The Famicom version in Japan was released in Disk Card format for the Family Computer Disk System add-on. In contrast to its NES counterpart, the Disk System allowed players to save their progress in one of three save files instead of a single save file. After a game over, the player can quit the game and resume where they left off by loading the save file. The English localization of the game's manual claims the main character works with "Captain Commando", a fictional spokesman for Capcom USA who later starred in his own video game.

== Reception ==
In Japan, Game Machine listed Section Z on their January 15, 1986 issue as being the eighth most-successful table arcade unit of the month.

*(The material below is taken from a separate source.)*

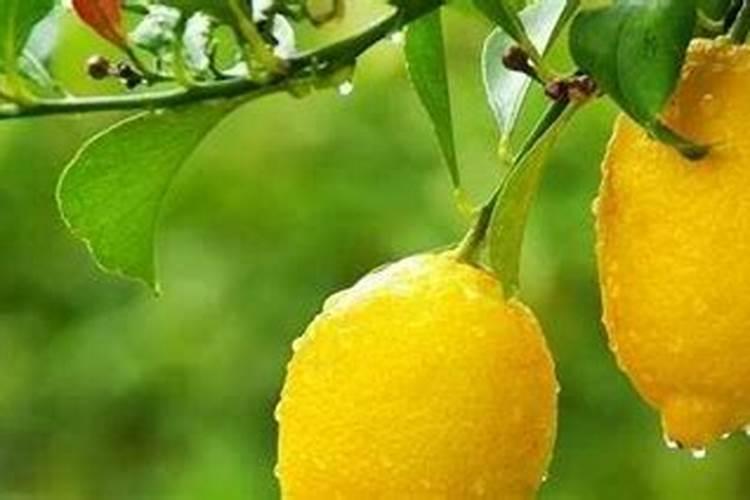 柠檬开花打不打药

In 2016, Federico Tiraboschi of Hardcore Gaming 101 compared Section Z to Namco's Baraduke, released earlier in 1985. He noted that in "both games the players control a free-range spaceman with a jetpack traversing a number of sectors scrolling both horizontally and vertically," but that "in Baraduke the player characters are affected by gravity and their gun's recoil."

IGN listed Section Z as the 90th greatest game for the NES. Praising the game's "nonlinear path", the publication wrote, "It was unique, novel and also pretty confusing. But mastery of navigation in Section Z was a true badge of honor to hold in the NES age".